A kind of titanium aluminium niobium alloy lamellar structure direction-controlling method

Technical field

The invention belongs to high temperature alloy organizational controls studying technological domain, relate to a kind of titanium aluminium niobium alloy lamellar structure direction-controlling method.

Background technology

Peritectic Alloy is to use engineering alloy very widely, and many important engineering materials all exist peritectic reaction in the preparation, has therefore caused researcher's very big concern.Titanium-aluminium alloy is as a kind of typical Peritectic Alloy; Have lightweight, height ratio is strong, height ratio is firm, anti-corrosion, wear-resisting, high temperature resistant and excellent advantages such as non-oxidizability; And have excellent normal temperature and a mechanical behavior under high temperature; Serviceability temperature can reach 700-900 ℃, is one of outstanding candidate's high-temperature structural material in fields such as aerospace industry, weapon industry and civilian industry.The titanium-aluminium alloy of high content of niobium receives concern widely because of it has more excellent high-temperature behavior, antioxygenic property and creep-resistant property, and it is the titanium-aluminium alloy that future in engineering applications is arranged most.

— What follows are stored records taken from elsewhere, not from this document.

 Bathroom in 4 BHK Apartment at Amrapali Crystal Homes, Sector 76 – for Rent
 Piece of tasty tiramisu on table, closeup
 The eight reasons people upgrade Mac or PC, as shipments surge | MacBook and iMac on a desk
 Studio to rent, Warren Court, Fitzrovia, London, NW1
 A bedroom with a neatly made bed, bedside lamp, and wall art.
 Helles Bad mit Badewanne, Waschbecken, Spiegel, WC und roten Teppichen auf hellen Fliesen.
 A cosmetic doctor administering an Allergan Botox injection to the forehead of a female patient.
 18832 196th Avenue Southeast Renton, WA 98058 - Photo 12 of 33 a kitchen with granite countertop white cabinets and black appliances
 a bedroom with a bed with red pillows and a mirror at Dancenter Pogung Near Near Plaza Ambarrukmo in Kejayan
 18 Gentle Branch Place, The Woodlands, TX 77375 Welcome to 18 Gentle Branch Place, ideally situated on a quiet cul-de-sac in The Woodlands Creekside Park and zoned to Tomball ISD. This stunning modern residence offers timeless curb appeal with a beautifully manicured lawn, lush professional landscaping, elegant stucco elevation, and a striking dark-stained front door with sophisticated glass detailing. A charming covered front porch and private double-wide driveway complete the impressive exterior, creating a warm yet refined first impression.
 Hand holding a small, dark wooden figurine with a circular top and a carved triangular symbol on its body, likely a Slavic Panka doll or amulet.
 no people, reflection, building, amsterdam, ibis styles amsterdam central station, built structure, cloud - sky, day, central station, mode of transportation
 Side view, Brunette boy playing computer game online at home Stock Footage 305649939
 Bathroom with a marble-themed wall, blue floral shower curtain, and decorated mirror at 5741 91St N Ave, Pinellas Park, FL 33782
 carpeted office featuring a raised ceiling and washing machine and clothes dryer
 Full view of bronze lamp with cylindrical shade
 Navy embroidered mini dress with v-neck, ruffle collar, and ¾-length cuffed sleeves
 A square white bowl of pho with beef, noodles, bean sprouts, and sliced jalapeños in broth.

Though titanium aluminium base alloy has the performance of more excellence, this type material has essential fragility, generally is difficult to processing, has hindered its practicability.Many scholars attempt through obtaining the oriented freezing organization of titanium-aluminium alloy, make its preferential orientation performance consistent with the carrying direction, the comprehensive mechanical property that obtains.Directional solidification (directional solidification-DS) technology is the control of hot conduction orientation when solidifying through utilization; In frozen metal and solidified melt not, set up the thermograde of specific direction; Reach control process of setting and solidification path, and the control crystal orientation, horizontal crystal boundary eliminated; Obtain the purpose of columanar structure or specific lamella direction, thereby improve other mechanical properties such as its fracture toughness, creep strength, plasticity.Directionally solidifying titanium aluminum alloy is expected to replace directional solidification nickel-base high-temperature alloy, becomes the ideal candidates material of blade of aviation engine.Control to directionally solidifying titanium aluminum alloy lamella microscopic structure has become domestic and international research focus.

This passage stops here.